Meskipun terdapat kesamaan tujuan rehabilitasi narkotika antara Undang-Undang Narkotika dengan Undang-Undang Pemasyarakatan, namun terdapat perbedaan perspektif dalam pelaksanaan rehabilitasi narkotika bagi Warga Binaan Pemasyarakatan (WBP). Jika berdasarkan Undang-Undang Narkotika Pasal 103 dan 127 seorang pecandu, penyalahguna, dan korban penyalahguna narkotika wajib mengikuti rahabilitasi berdasarkan putusan hakim. Sedangkan dalam sistem pemasyarakatan penentuan WBP yang mengikuti program rehabilitasi tidak hanya berdasarkan putusan hakim namun juga berdasarkan hasil screening dan assesment yang dilakukan oleh Lapas. Tahapan pelaksanaan rehabilitasi tersebut tercantum dalam Peraturan Menteri Hukum dan Hak Asasi Manusia Nomor 12 Tahun 2017 Tentang Penyelenggaraan Layanan Rehabilitasi Narkotika Bagi Tahanan dan Warga Binaan Pemasyarakatan.

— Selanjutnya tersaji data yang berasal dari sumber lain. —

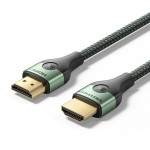Кабель HDMI-HDMI v.2.1 Vention 8K 60Hz 4K 240Hz/144Hz/120Hz 48Gbps PVC Braided Ultra 2m Black (ALOGH)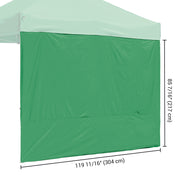 DIY 10x10 Canopy Tent Side (10'x7', CPAI-84, UV50+)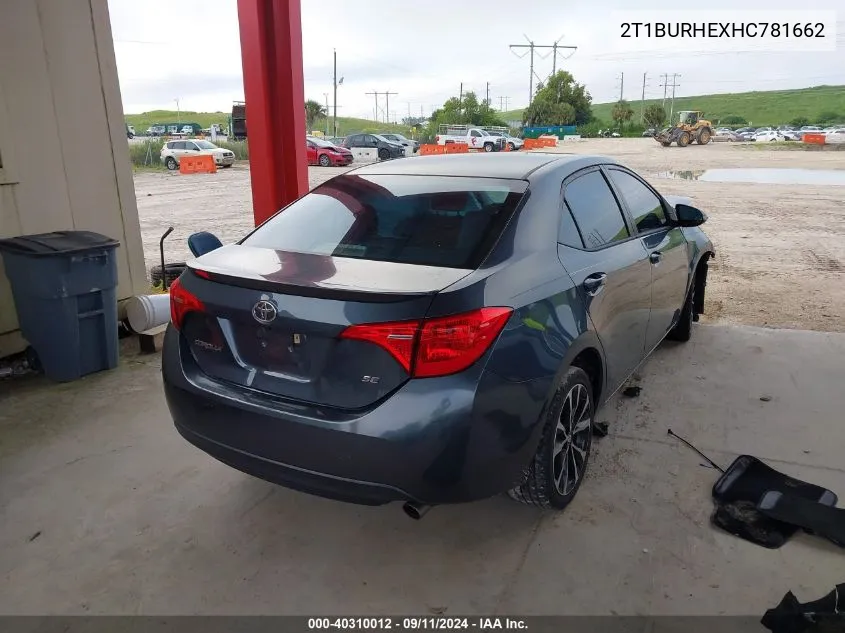 2T1BURHEXHC781662 2017 Toyota Corolla L/Le/Xle/Se/Xse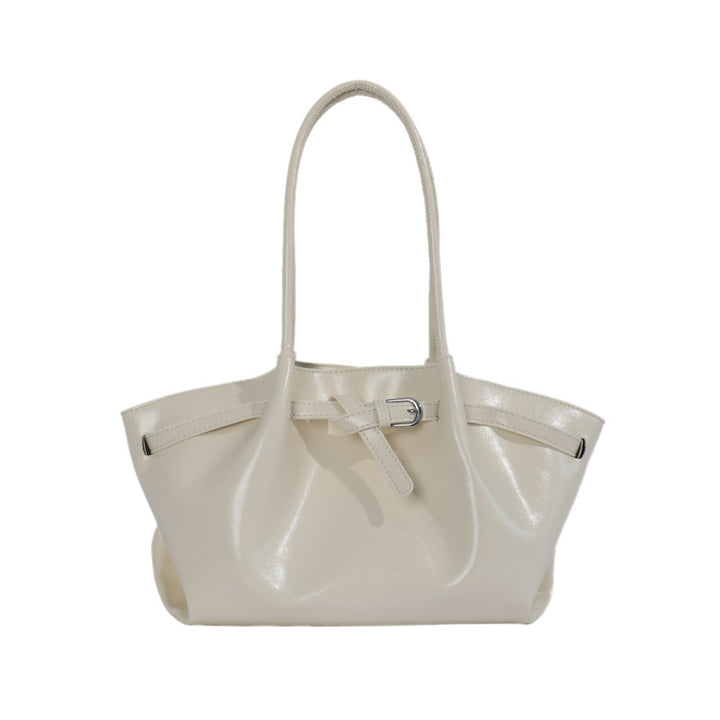 Sleek Minimalist Leather Tote Bag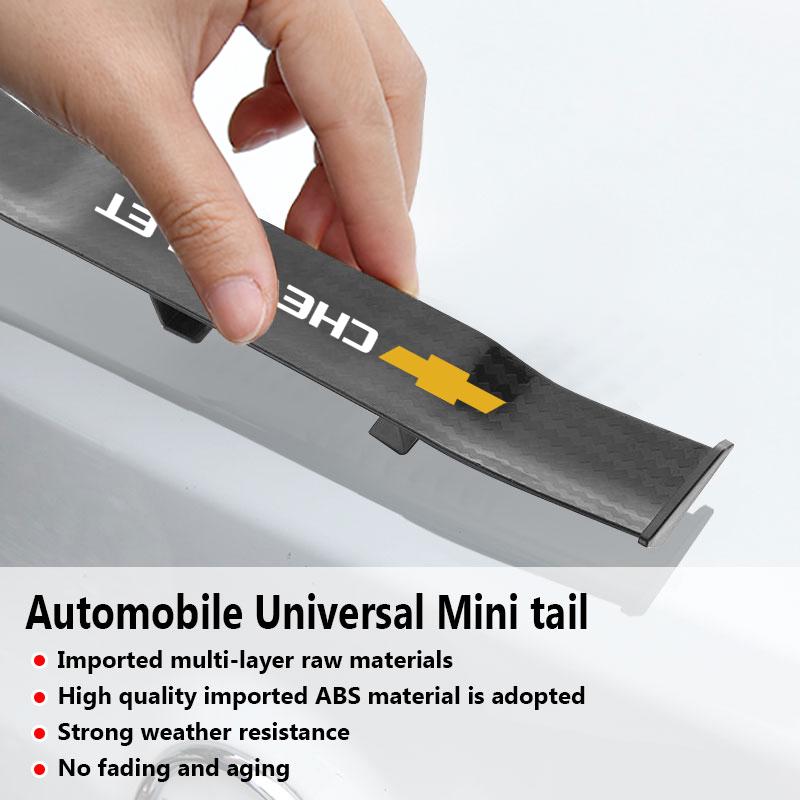 Kohlefaser Auto Mini Heckspoiler Mini Kleines Flügelmodell Dekoration für Chevrolet Captiva Trax Aveo Colorado Cruze Spark Malibu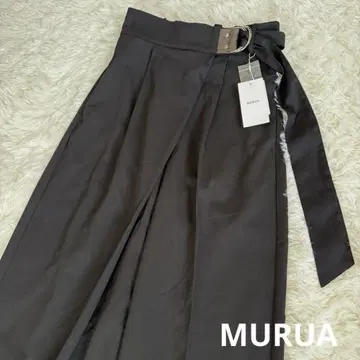 새상품 MURUA 무루아 와이드 팬츠 벨트 포함 S 사이즈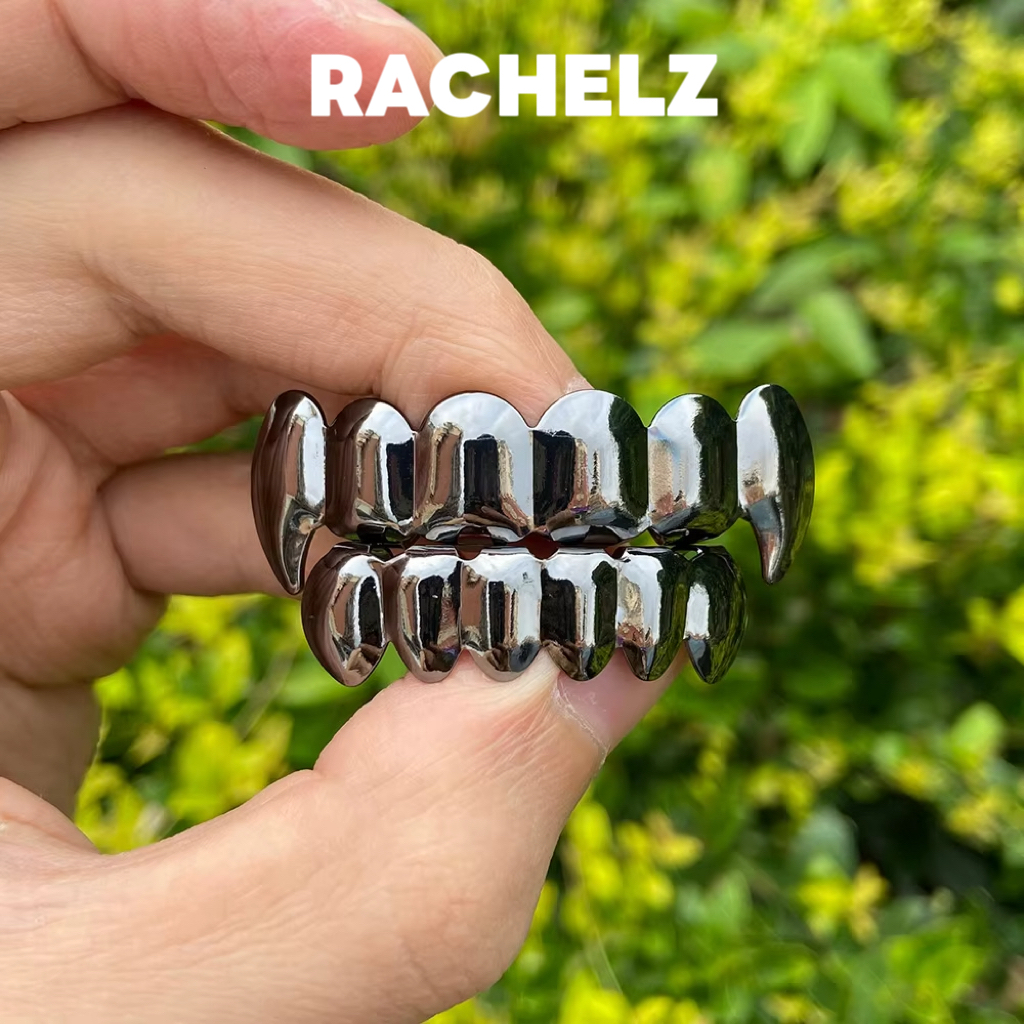 RACHELZ Hip Hop Black Fangs To - Body Jewelry Gold Plated のレビューと価格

Dalam kasus pemidanaan dan rehabilitasi dalam kasus narkotika kiranya erat kaitannya dengan teori double track system. Perkembangan hukum pidana dewasa ini di Indonesia, terutama Undang-undang Pidana Khusus atau perundang-undangan diluar KUHP. Perkembangan KHUP adanya pengaruh dari aliran modern dalam hukum pidana memperkaya hukum pidana dengan sanksi yang disebut double track system (measure, maatregel). Secara dogmatis pidana dipandang sebagai pengimbalan atau pembalasan terhadap kesalahan si pembuat, sedang tindakan dimaksudkan untuk melindungi masyarakat terhadap kejahatan yang dilakukan si pembuat. Harus diakui, bahwa aliran modern dalam hukum pidana telah mendorong terjadinya pembaharuan dalam sistem pidana pada umumnya. Disamping pidana yang dikenakan sebagai pengimbalan terhadap kesalahan si pembuat, dalam berbagai peraturan hukum pidana diadakan sangsi berupa double track system yang bertujuan untuk melindungi masyarakat terhadap sifat berbahayanya si pembuat, namun kedua jenis sanksi tersebut dalam pelaksanaannya pada hakikatnya tidak banyak berbeda.
Menyangkut penetapan sanksi dalam hukum pidana, merupakan bagian penting dalam sistem pemidanaan karena keberadaannya dapat memberikan arah dan pertimbangan mengenai apa yang seharusnya dijadikan sanksi dalam suatu tindak pidana. Terlebih lagi bila dihubungkan dengan kecenderungan produk perundang-undangan pidana diluar KUHP yang tampaknya ada kemajuan dalam stesel sanksinya yang telah mempergunakan double track system, baik yang ditetapkan secara eksplisif maupun implisif. Namun demikian, penggunaan penentu kebijakan penetapan jenis sanksi dalam Hukum Pidana Indonesia tidak terpisah dari permasalahan penetapan tujuan yang ingin dicapai dalam pemidanaan. (VB-BS).